Description: Router hardware issues and emergency repairs on October 13, 2023 at approximately the following times:
- 11:03PST until 11:04PST
- 15:12PST until 15:13PST
- 16:12PST until 16:24PST
- 16:28PST until 16:32PST
Root cause: Our master routing engine within edge1.LBLKWA experienced an unplanned reboot, accompanied by an unusual error code at 11:03PST. Subsequently, the backup routing engine assumed control, and by 11:04PST network traffic resumed following the re-establishment of BGP sessions. To diagnose and resolve this unexpected issue, our NOC immediately engaged with a Juniper JTAC representative. The advice received was to pursue two critical actions: a firmware upgrade on both routing engines and the replacement of the problematic routing engine and control board. Notably, the error message exhibited by the router was abnormal and had not been seen by JTAC.

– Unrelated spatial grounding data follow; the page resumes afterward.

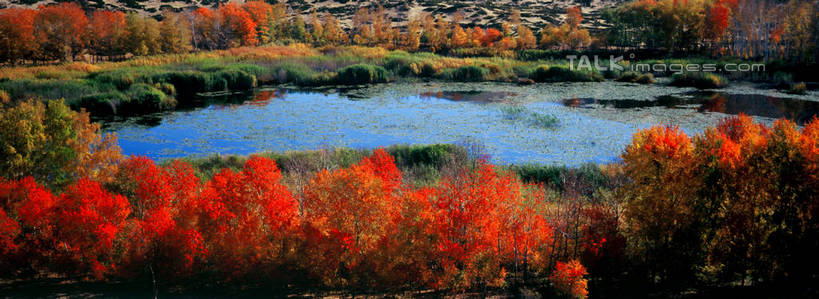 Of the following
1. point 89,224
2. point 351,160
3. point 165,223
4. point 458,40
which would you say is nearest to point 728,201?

Resolution: Our NOC diligently executed the recommended measures, which included the firmware upgrades and the replacement of the malfunctioning routing engine and additional control board in our core router. During these procedures, there was a series of brief outages as the mastership role transitioned between the master and backup routing engines, leading to momentary disruptions in BGP sessions which subsequently re-established. After the repairs were completed network traffic stability and core redundancy within our edge infrastructure were re-established.
We understand that this incident caused inconveniences to our customers, and we do sincerely apologize for the disruptions it caused. We will immediately restock our spare/replacement critical hardware and continue to actively monitor for any signs of trouble.